Understandably, they want politicians to be straightforward with them, to tell it as it is.
Then the wicked media pile in - and demand "straight answers to straight questions"
Result? Politicians seek sanctuary in platitudes, saying nothing in particular but saying it awfully well.
Of course, truth in absolute is rarely pure and never simple. Political decisions can be complex, often hideously so.
They will seldom present straight choices. Rather they are an amalgam of competing pressures.
Such is the case with the current controversy over alcohol in Scotland.
The Scottish government is about to introduce a Bill to set minimum prices for drinks, calculated by volume of alcohol.
The measure is supported by health professionals who say it will force up the price for certain drinks commonly associated with alcohol problems.
This, they say, will have discernible benefits for Scotland's health.
Critics say the measure may be illegal or ineffective or insufficient - or a blend of all three.
Then there is a further aspect.
The Scotch whisky trade is seriously concerned that such a move would have drastic, unintended consequences for their business.
Their argument is that they have fought a prolonged battle over many years to prevent foreign countries from imposing discriminatory duty on Scotch in order to prop up home-grown products.
They say there are countries which will use the precedent set by minimum pricing in Scotland to impose punitive duties on whisky. This is disputed by Scottish ministers.
How about that illegality point? Critics point to a ruling by the European Court's Advocate General to the effect that minimum pricing with regard to tobacco violated competition law.
No, say Ministers. That applied in the particular circumstances of an individual case. They cite a wider statement by the EU Commissioner, Gunther Verheugen, responsible for enterprise and industry.
Replying to Labour MEP Catherine Stihler, the Commissioner said that member states were not prohibited from using minimum pricing to pursue health directives, provided the measure fell within other aspects of Community law such as the free movement of goods.
One might quibble whether that ruling applies to devolved sub-divisions of EU member states - but ministers interpret this as meaning that minimum pricing is legal, provided a balance is struck.
They intend to strike that balance.
Which brings us, as ever at Holyrood, back to arithmetic. Can ministers assemble a coalition of support for this measure - which forms part of a much wider attempt to transform Scotland's attitude to alcohol?
Right now, looks difficult. The Liberal Democrats are against minimum pricing, preferring other measures.
The Tories are also agin, opting for targeted duty increases on "problem drinks". It will be noted that this would involve action at a UK level, not in Scotland.
The Scottish Parliament has no control over duty.
Which leaves Labour. Over the weekend, they again demanded sight of the legal advice upon which ministers base their insistence that their initiative doesn't breach the law.
Further, they want more evidence that the measure would be effective.
Failing these, they say they remain unconvinced by the measure.
They back other initiatives - such as the Challenge 21 programme under which licence holders would be obliged to seek ID from anyone seeking to buy drink who appears to be under the age of 21.
Eighteen would remain the legal age for alcohol purchase.
Ministers say they are more than open to considering other ideas.
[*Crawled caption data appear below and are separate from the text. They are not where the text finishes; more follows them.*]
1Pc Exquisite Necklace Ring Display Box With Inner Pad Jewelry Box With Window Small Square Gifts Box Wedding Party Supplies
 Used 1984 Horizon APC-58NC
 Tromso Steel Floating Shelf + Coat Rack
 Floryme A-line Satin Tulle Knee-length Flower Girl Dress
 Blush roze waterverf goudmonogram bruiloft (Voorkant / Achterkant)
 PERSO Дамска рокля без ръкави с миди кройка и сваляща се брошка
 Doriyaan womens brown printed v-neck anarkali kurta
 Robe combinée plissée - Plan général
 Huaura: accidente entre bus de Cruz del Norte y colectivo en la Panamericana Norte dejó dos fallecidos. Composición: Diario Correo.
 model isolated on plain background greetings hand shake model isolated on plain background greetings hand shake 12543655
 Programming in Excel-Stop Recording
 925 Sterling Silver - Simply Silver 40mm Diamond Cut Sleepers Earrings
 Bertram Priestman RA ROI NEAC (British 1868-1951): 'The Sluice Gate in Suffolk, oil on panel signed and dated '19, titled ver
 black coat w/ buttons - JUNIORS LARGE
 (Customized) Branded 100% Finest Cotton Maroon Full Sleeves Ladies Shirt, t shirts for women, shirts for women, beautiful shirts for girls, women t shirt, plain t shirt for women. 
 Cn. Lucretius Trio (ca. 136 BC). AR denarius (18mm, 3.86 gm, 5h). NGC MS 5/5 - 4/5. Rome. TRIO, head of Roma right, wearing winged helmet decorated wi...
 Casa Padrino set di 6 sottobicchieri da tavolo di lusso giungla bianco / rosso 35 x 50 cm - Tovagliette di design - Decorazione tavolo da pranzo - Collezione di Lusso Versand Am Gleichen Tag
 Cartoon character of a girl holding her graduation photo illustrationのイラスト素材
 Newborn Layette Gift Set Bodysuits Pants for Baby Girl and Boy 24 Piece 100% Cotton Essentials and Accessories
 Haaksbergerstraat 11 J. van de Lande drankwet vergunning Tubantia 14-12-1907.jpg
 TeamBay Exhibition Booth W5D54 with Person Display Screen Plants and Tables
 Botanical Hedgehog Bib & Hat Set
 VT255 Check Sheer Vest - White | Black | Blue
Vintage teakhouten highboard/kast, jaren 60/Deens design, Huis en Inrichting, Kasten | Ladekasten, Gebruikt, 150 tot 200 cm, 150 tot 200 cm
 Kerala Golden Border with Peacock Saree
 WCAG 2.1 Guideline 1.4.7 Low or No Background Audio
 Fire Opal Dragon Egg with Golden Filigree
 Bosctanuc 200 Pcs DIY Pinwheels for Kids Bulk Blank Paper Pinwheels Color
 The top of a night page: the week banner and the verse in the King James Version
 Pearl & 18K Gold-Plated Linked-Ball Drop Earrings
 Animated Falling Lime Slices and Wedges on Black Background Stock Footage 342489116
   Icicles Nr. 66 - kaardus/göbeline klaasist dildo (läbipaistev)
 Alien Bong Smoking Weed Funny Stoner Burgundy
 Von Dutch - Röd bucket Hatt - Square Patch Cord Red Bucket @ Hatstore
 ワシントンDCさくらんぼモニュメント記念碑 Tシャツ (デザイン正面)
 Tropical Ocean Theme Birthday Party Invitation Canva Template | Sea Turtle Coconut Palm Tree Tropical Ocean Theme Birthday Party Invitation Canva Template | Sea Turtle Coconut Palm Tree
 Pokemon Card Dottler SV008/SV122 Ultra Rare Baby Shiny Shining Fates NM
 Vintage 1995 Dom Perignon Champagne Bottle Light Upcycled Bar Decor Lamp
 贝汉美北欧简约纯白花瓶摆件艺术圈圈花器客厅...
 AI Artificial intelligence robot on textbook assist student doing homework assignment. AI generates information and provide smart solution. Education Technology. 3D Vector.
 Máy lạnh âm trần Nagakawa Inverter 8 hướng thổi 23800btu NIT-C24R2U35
They point out that their bill involves much more than minimum pricing.
There will be new constraints on the display and marketing of alcohol in off-sales premises. There will be curbs on heavy discount promotions.
Police forces will be able to request consideration of increasing the off-sales legal age to 21 in areas where there are substantial alcohol problems.
That is a diluted version of the original plan: proof, say ministers, that they are open to discussion.
But minimum pricing remains the big controversy - and will feature in the bill when it is published in mid-November.
Following that, the debate will intensify. Rarely pure, never simple.